MATERIAL PROVIDED:
━━━━━━━━

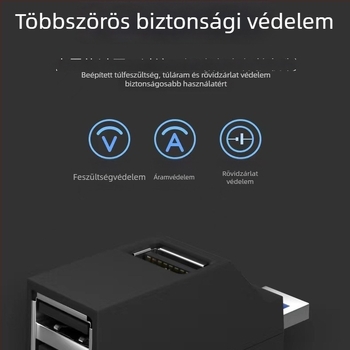 USB 3.0 3-portos hub YC-U307, 5Gbps, tápellátás buszról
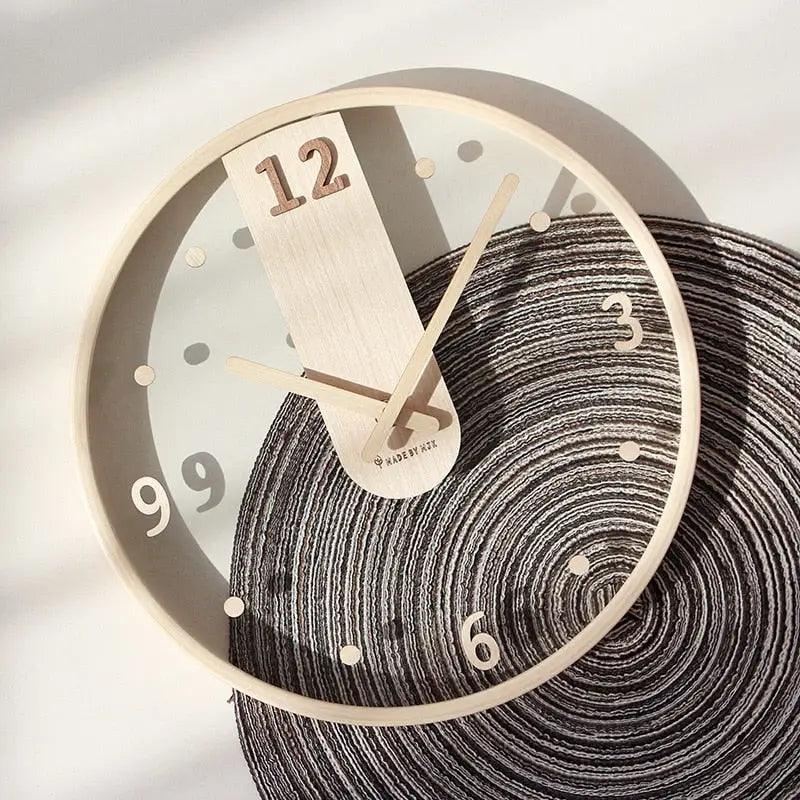 horloge originale en bois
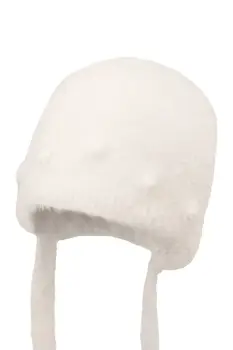 Jamiks caciula pentru copii cu lana KARLIE culoarea bej, JZI195 imagine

━━━━━━━━

TASK: In your copy of the listing, please omit the pictures and keep every word exact.

RESPONSE:
 USB 3.0 3-portos hub YC-U307, 5Gbps, tápellátás buszról
 horloge originale en bois
 Jamiks caciula pentru copii cu lana KARLIE culoarea bej, JZI195 imagine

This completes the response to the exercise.